**ASSIGNMENT**
Pictures aside, quote the whole listing exactly.

(Beginning of SUPPLIED MATERIAL)

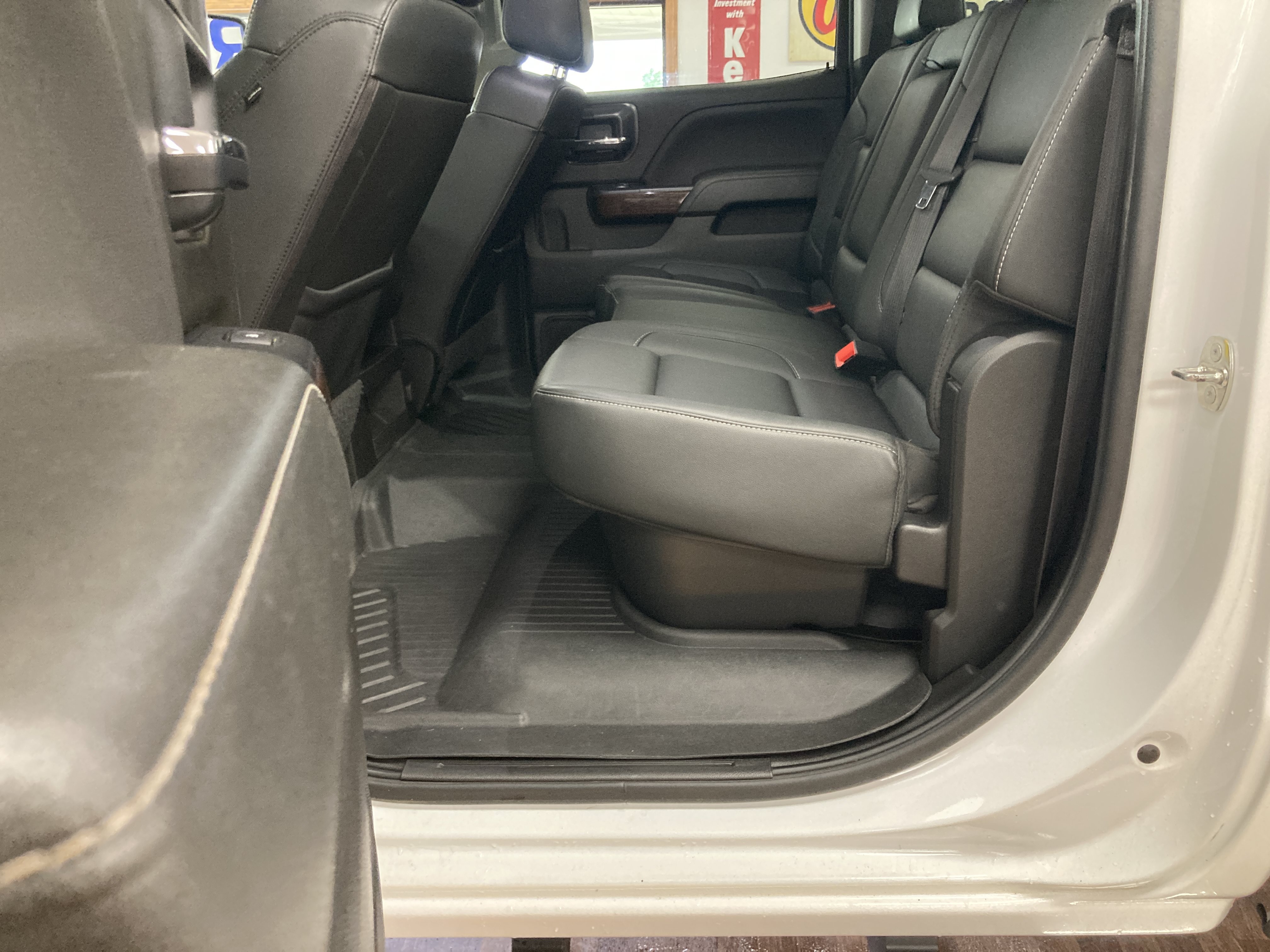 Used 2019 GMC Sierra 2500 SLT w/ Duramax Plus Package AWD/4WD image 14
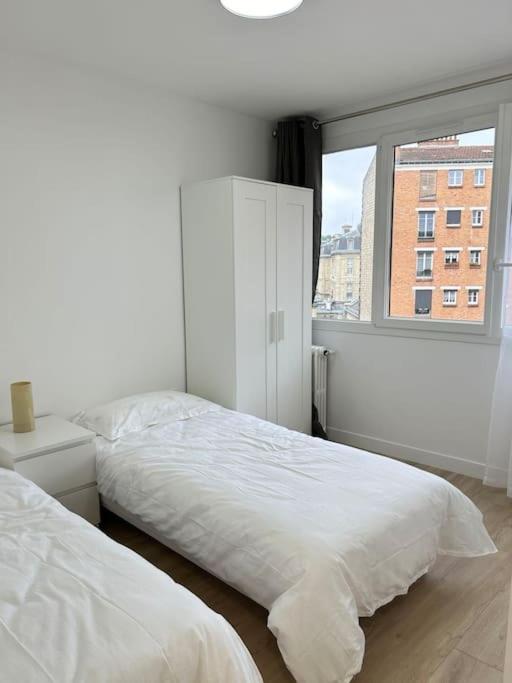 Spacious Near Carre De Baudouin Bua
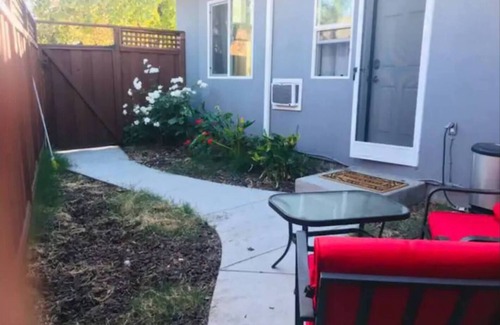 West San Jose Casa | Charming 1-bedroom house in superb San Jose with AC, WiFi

(End of SUPPLIED MATERIAL)

**COMPLETED TASK**
 Used 2019 GMC Sierra 2500 SLT w/ Duramax Plus Package AWD/4WD image 14
 Spacious Near Carre De Baudouin Bua
 West San Jose Casa | Charming 1-bedroom house in superb San Jose with AC, WiFi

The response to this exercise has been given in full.